[Extracted data]
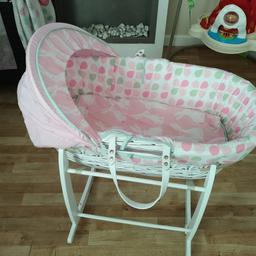 pink Moses basket in good condition hardly used as baby slept in carry cot of pram and had a next to me crib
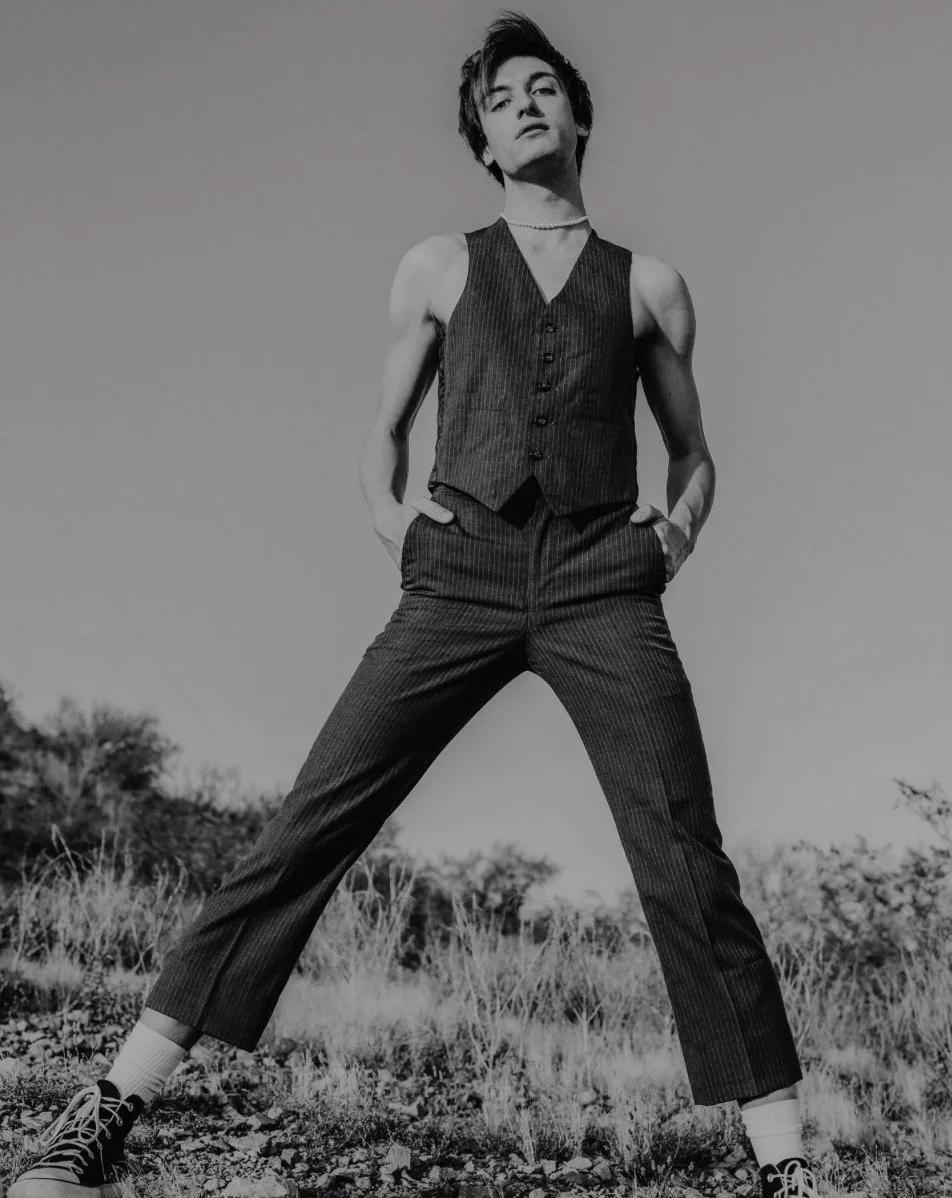 Black and white photo of a person standing outdoors on a rocky ground with plants, wearing a pinstripe vest, matching pinstripe pants, sneakers, and a choker, with hands in pockets and a confident expression.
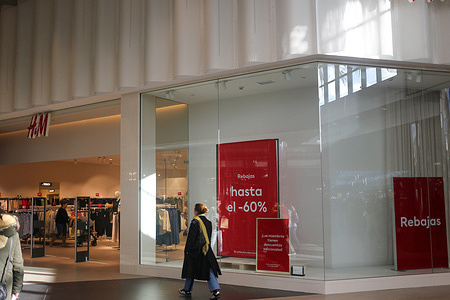 Paredes, Spain, January 07th, 2024: The entrance of the H&M store announcing sales up to 60% during January 2024 sales begin, on January 07, 2024, in Paredes, Spain.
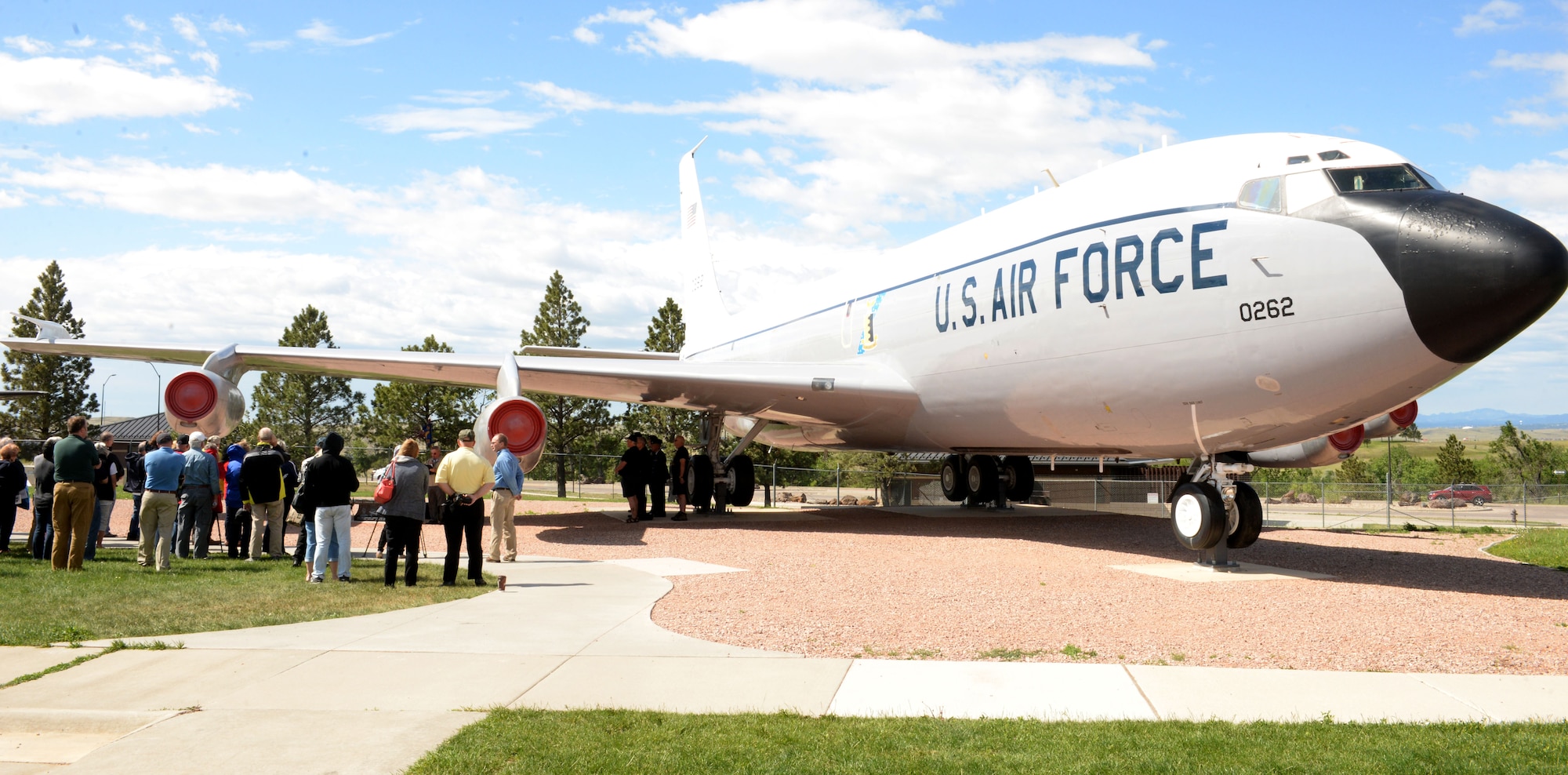 Members of the 4th Airborne Command Control Squadron attend a memorial dedication during the 25th anniversary of the deactivation of the 4th ACCS at the South Dakota Air and Space Museum, Box Elder, S.D., June 24, 2017. A bench displaying images of the EC-135 was dedicated to those who served in the squadron and have passed away. The bench sits on the museum grounds under tail 262, nicknamed “Too Sick to Fly.” (U.S. Air Force photo by Staff Sgt. Hailey Staker)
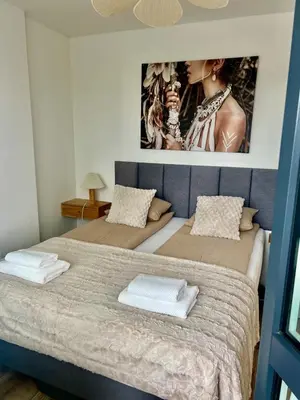 Łóżko lub łóżka w pokoju w obiekcie SPV Rentals Pileckiego 59 lokal 258 Ursynów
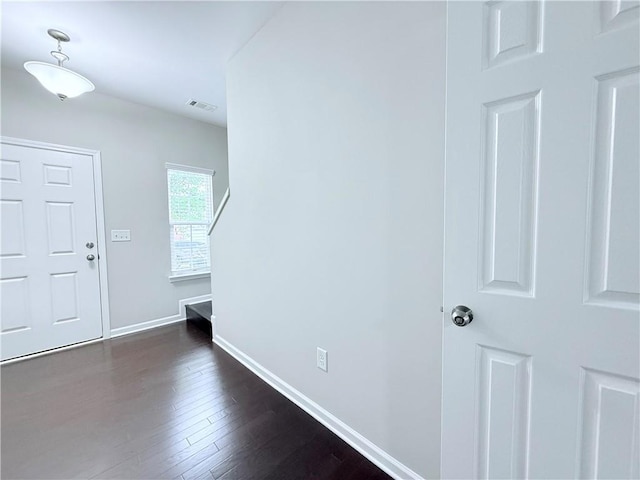 foyer featuring baseboards and dark wood-type flooring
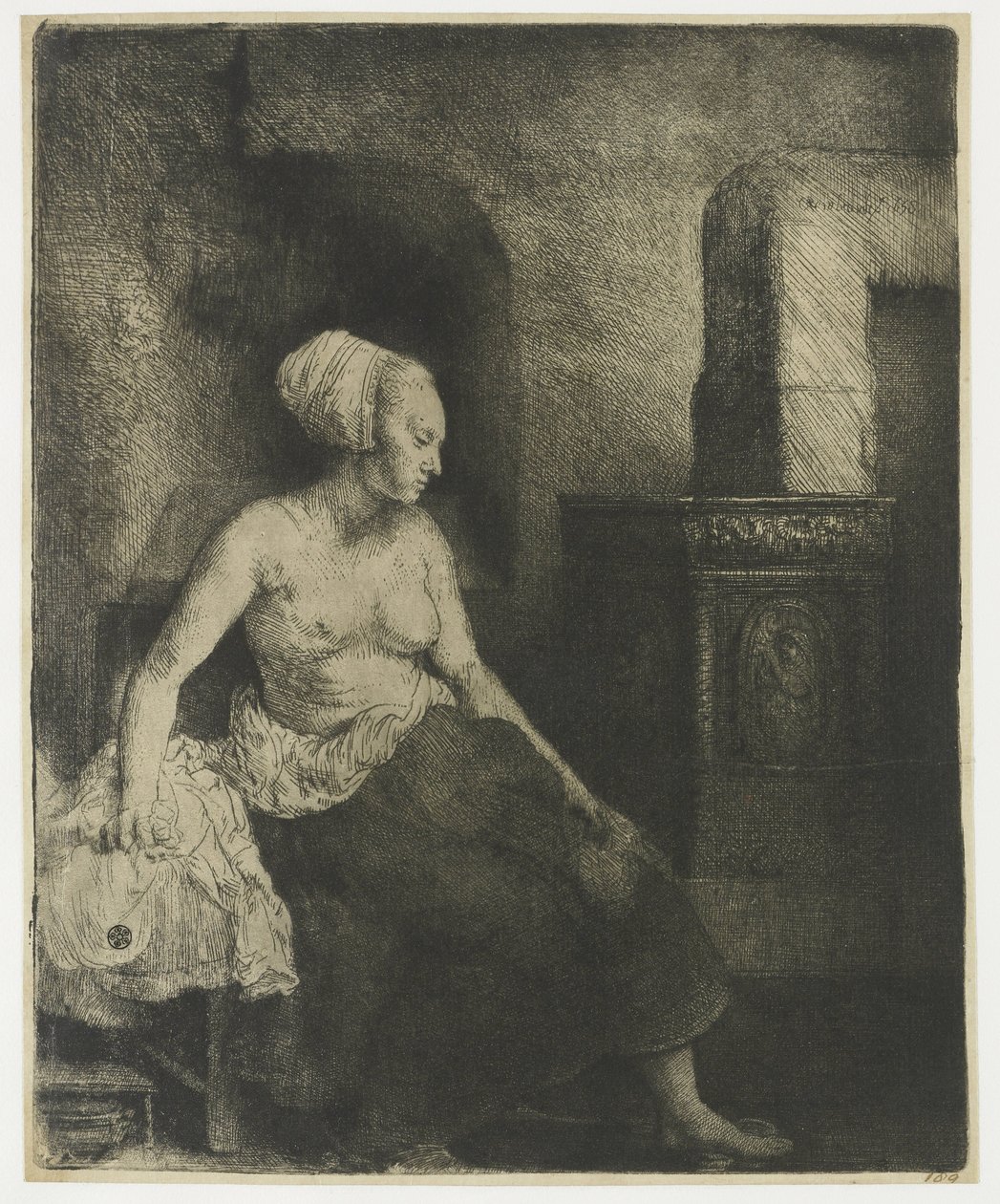 Kvinna som sitter halvklädd bredvid en spis av Rembrandt van Rijn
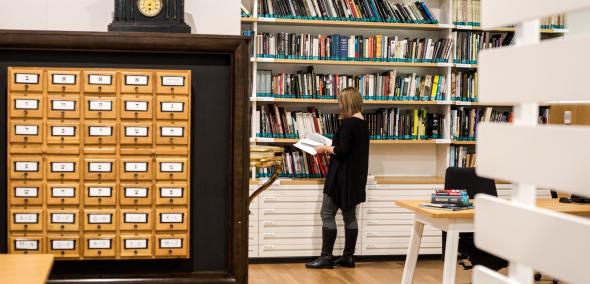 Centrum Informacji Historycznej w Muzeum POLIN. Przy regale z książkami stoi kobieta i przegląda jakąś książkę.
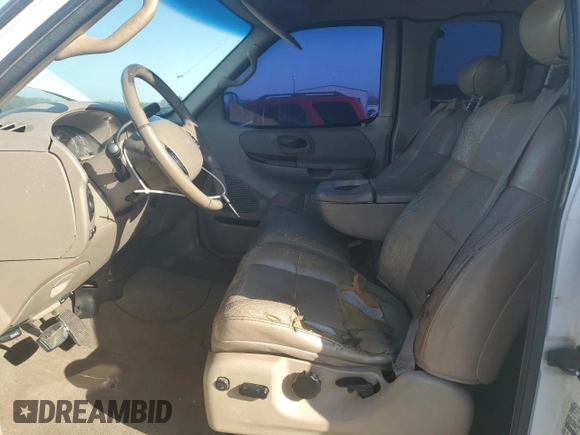 2001 Ford F-150 XL z VIN 2FTRX08LX1CB01820, wystawiony jako Copart lot #48785635 z przebiegiem 334 615 mil mil oraz Szkoda całkowita • Salvage title. Historia ofert i sprzedaży dostępna na DreamBid. Obrazek 7.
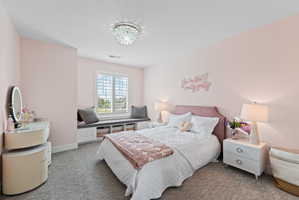 Bedroom featuring a window seat with storage, white plantation shutters, and a crystal flush mount light fixture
[/Extracted data]
Without including a single picture, restate all of the data word for word.

 pink Moses basket in good condition hardly used as baby slept in carry cot of pram and had a next to me crib
 Black and white photo of a person standing outdoors on a rocky ground with plants, wearing a pinstripe vest, matching pinstripe pants, sneakers, and a choker, with hands in pockets and a confident expression.
 Paredes, Spain, January 07th, 2024: The entrance of the H&M store announcing sales up to 60% during January 2024 sales begin, on January 07, 2024, in Paredes, Spain.
 Members of the 4th Airborne Command Control Squadron attend a memorial dedication during the 25th anniversary of the deactivation of the 4th ACCS at the South Dakota Air and Space Museum, Box Elder, S.D., June 24, 2017. A bench displaying images of the EC-135 was dedicated to those who served in the squadron and have passed away. The bench sits on the museum grounds under tail 262, nicknamed “Too Sick to Fly.” (U.S. Air Force photo by Staff Sgt. Hailey Staker)
 Łóżko lub łóżka w pokoju w obiekcie SPV Rentals Pileckiego 59 lokal 258 Ursynów
 foyer featuring baseboards and dark wood-type flooring
 Kvinna som sitter halvklädd bredvid en spis av Rembrandt van Rijn
 Centrum Informacji Historycznej w Muzeum POLIN. Przy regale z książkami stoi kobieta i przegląda jakąś książkę.
 2001 Ford F-150 XL z VIN 2FTRX08LX1CB01820, wystawiony jako Copart lot #48785635 z przebiegiem 334 615 mil mil oraz Szkoda całkowita • Salvage title. Historia ofert i sprzedaży dostępna na DreamBid. Obrazek 7.
 Bedroom featuring a window seat with storage, white plantation shutters, and a crystal flush mount light fixture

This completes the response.